Contextual application design in digital media is the adaptation of the contextual design process developed by Hugh Beyer and Karen Holtzblatt, in the mobile software space, taking advantage of the measurability of the media, context awareness technologies in mobile devices, aggregation and analytics systems, to create a user-centered design process where developers aggregate data from users' real-world behavior and patterns, and applying these findings into a final product.

Uses and adaptations 

Contextual application design has primarily been used to create mobile applications that may deliver valuable insights based on cross referencing digital content with physical context, such as the experience delivered by Google Now. Another implementation is to create applications with a user interface that is reactive to context using context-sensitive user interface. These methods have also been implemented for software, and parts of contextual design have been adapted for use as a usability evaluation method.

Process overview 

The contextual design process consists of the following: contextual inquiry, data consolidation and analytics, visioning, storyboarding, user environment design, and prototyping.

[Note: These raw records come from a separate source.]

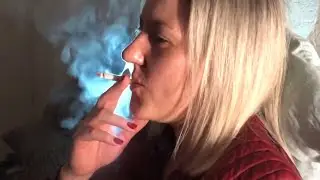 Experienced smoker smokes a cork cigarette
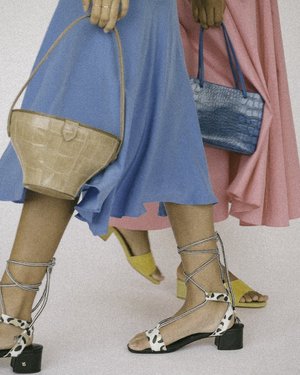 Close-up of two women in blue and pink dresses, carrying handbags, with eye-catching sandals, showcasing a blend of fashion and style.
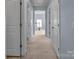 Hallway with carpet flooring and doors to bedrooms and bathroom at 7822 Meridale Forest Dr, Charlotte, NC 28269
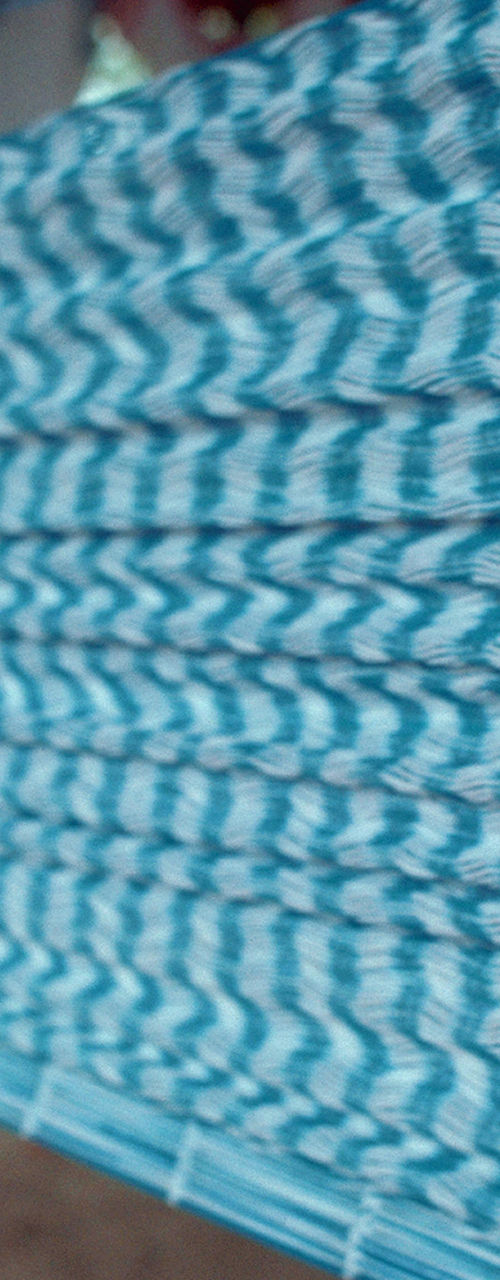 Traditional handloom weaving with blue and white threads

Collecting data – contextual inquiry 

Contextual inquiry is a field data collection technique used to capture detailed information about how users of a product interact with the product in their normal environment. In mobile applications, a key aspect of the technique is detailed logging of their physical environment factors (factors), typically achieved by logging mobile sensor data or data from a contextual awareness SDK, combined with their in-app activity and interaction. Key takeaways from the technique are to learn what users actually do, why they do it that way and when.

Data analytics 

The purpose of the data analysis is to reveal patterns and the structure across distinct interactions. A contextual data analytics collects data logs, events and context awareness parameters and streams them into an easy to process database which may be queried to provide insights. A typical example would be the system implemented by Sensiya Analytics.

Visioning 

In visioning, a cross-functional team comes together to vision and suggest better performing experiences based on reviewing the data and identifying key issues and opportunities. Visions are a variety of new product concepts for different usage scenarios based on the data collected.

Storyboarding 

After visioning, a design team develops the vision in storyboards, capturing scenarios of how users will work with the new system under different context.

Software prototyping 

Software prototyping is used for testing the design ideas with interactive prototypes before the implementation phase helps the designers communicate with users about the new system and develop the design further.